The first four fields are mandatory. A hyphen in the fifth or sixth position indicates the field is unspecified.

IPv6 File Format

The following example illustrates a proper syntax for the IPv6 database format.

V.01
# IPv6 address, prefix length,latitude,longitude,country/region/city,tag
# Hyphens denote an unspecified region and city within United States
1::3,128,1,1,United States/-/-,testing
2::2,128,5,5,United States/-/-,testing
1::1,128,3,3,United States/-/-,testing

3::3,128,8,7,United States/-/-,testing
4::4,128,9,9,United States/-/-,testing

Impact on NSX Advanced Load Balancer Controller and NSX Advanced Load Balancer SE Configuration

To support the geolocation algorithm, special consideration must be given when configuring Controllers and the SEs implementing NSX Advanced Load Balancer DNS for GSLB.

  • Memory Allocation – An NSX Advanced Load Balancer geo-DB can be very large (for example, it can easily contain 3 million entries). So, the minimum recommendation for an NSX Advanced Load Balancer DNS SE is 8 GB. The additional knob for Host Geo Profile stipulates that some of that memory (2 GB recommended) is to be exclusively devoted to the geo-DB. The geo profile permits a portion of SE memory to be reserved for geoDB.

    Note:

    This feature requires additional shared memory on the Service Engine. Refer to Extra Shared Memory in the VMware NSX Advanced Load Balancer Configuration Guide to understand the additional memory requirements and configure the same.

  • Disk Allocation – An extra 2 GB is recommended for disk size.
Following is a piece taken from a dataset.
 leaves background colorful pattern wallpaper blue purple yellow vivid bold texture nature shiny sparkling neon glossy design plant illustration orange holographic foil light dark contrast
For more information, see NSX Advanced Load Balancer Controller Sizing in the VMware NSX Advanced Load Balancer Installation Guide.

  • When the NSX Advanced Load Balancer geo-DB is large, the DNS SE needs a few seconds or minutes to load the entries into memory.

  • The CLI commands for these are discussed in Configuring Geolocation-based Algorithm using NSX Advanced Load Balancer CLI.